How to change manually the size of a layer without breaking autograd?

Zen · December 21, 2018, 10:46am

I want to change the size of the tensors weight and bias in a torch.nn.Linear layer. Even if I set weight.grad = None and bias.grad = None, the backward pass returns an error. A possible way to solve the problem would be an entire re-initialization of the computational graph, but I don’t know how to do it. However, here is a minimal code:

import torch

l = torch.nn.Linear(5, 4)
x = torch.randn(1, 5)
y = l(x).pow(2).mean()
y.backward()

l.weight.data = torch.randn(3, 5)
l.weight.grad = None
l.bias.data = torch.randn(3)
l.bias.grad = None
z = l(x).pow(2).mean()
print(z)
z.backward()

But I get the error:

RuntimeError: Function ExpandBackward returned an invalid gradient at index 0 - expected shape [4] but got [3]

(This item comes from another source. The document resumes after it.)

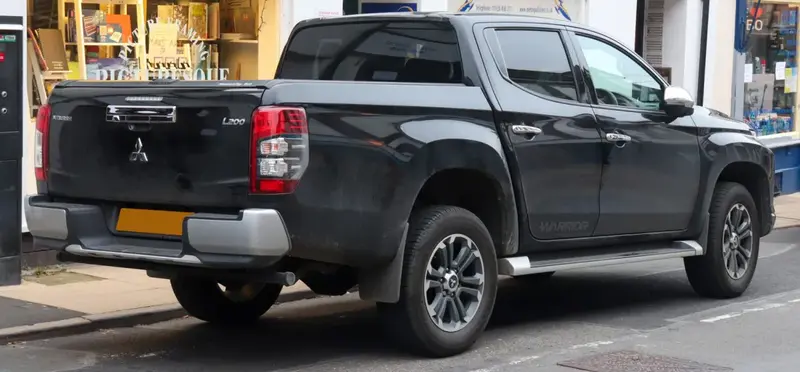Mitsubishi L200 - 2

Somehow, it seems that autograd keeps intermediary computations, and use it to recompute the gradients, hence a necessary re-initialization of the whole computational graph.
Since many objects in my code contain references to the layers I use, I don’t want to re-create a layer each time I am deleting a row or a column in it.

tom · December 21, 2018, 8:01pm

At the risk of being blunt: Using .data has been a bad idea for more than half a year.

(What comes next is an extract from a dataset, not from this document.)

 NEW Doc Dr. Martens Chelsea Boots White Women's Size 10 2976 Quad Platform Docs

When you try to assign .weight and .bias, PyTorch will tell you exactly what to do, i.e. have a nn.Parameter to assign (I know, because I tried with a tensor before that):

l = torch.nn.Linear(5, 4)
x = torch.randn(1, 5)
y = l(x).pow(2).mean()
y.backward()

l.weight = torch.nn.Parameter(torch.randn(3, 5))
l.bias = torch.nn.Parameter(torch.randn(3))
z = l(x).pow(2).mean()
print(z)
z.backward()

Best regard and stay clear of .data

Thomas

Zen · December 22, 2018, 9:09am

Ok. This means that I cannot store the reference to a Parameter object if its size is likely to change: a change of size means reassignment of the Parameter object (and not only the .data).
For information, I reused old pieces of code that worked in the older versions of PyTorch.

Ge0rges · March 1, 2020, 5:17pm

How would you do this in 0.3.0 before using .data was a bad idea? I’m encountering a similar challenge here.